FRANCE (INTELLIHUB) — Data recently released by the firm Markit shows that France will likely slip back into recession despite all efforts to maintain a strong Euro dollar.
Recently the Euro “fell to 51.5 in November from 51.9 in October, according to preliminary data, as the decline in France offset further improvement in Germany. Economists had expected the composite index for the euro zone, which tracks both manufacturing and service sectors, to rise to 52, according to Barclays.”, reported Jack Ewing writing for the New York Times. Most analysts contribute the decline to President François Hollande’s lack of leadership and his failed tax programs.
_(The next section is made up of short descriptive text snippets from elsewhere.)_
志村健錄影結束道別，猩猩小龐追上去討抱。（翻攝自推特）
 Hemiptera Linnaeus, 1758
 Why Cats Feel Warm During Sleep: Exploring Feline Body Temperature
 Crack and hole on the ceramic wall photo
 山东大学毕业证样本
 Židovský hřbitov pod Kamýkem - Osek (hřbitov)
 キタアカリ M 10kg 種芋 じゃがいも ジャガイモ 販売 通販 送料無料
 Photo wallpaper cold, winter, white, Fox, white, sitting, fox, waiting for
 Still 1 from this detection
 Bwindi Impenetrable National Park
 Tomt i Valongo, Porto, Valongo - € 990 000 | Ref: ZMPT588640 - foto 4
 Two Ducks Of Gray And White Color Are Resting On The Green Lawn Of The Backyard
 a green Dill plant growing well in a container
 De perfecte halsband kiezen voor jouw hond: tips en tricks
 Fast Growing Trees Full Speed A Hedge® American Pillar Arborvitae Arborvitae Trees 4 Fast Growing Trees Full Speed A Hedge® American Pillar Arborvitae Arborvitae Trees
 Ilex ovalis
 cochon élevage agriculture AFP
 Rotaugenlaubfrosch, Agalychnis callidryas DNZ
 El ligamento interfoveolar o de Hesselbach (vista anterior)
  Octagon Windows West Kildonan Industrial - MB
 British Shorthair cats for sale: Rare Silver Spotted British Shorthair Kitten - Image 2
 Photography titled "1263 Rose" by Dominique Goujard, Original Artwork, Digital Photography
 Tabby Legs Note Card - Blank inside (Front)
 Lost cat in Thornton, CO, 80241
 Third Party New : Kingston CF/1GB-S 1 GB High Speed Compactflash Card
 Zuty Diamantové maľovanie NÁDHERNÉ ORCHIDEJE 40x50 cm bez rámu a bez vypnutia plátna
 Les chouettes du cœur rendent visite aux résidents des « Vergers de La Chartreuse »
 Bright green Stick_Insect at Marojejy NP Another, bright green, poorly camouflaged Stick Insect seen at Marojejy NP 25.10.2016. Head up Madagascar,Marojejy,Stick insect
On the flip-side, reports show the German economy is holding strong. The Wall Street Journal reported, “Germany’s economy has consistently outperformed the rest of the euro zone since the onset of the region’s debt crisis four years ago. And its PMI rose 1.1 point to 54.3 in November, with both goods and services sectors notching gains from the previous month, suggesting Europe’s largest economy is accelerating after weak third-quarter growth. In a positive signal for future activity, new business increased at its best rate in more than two years.”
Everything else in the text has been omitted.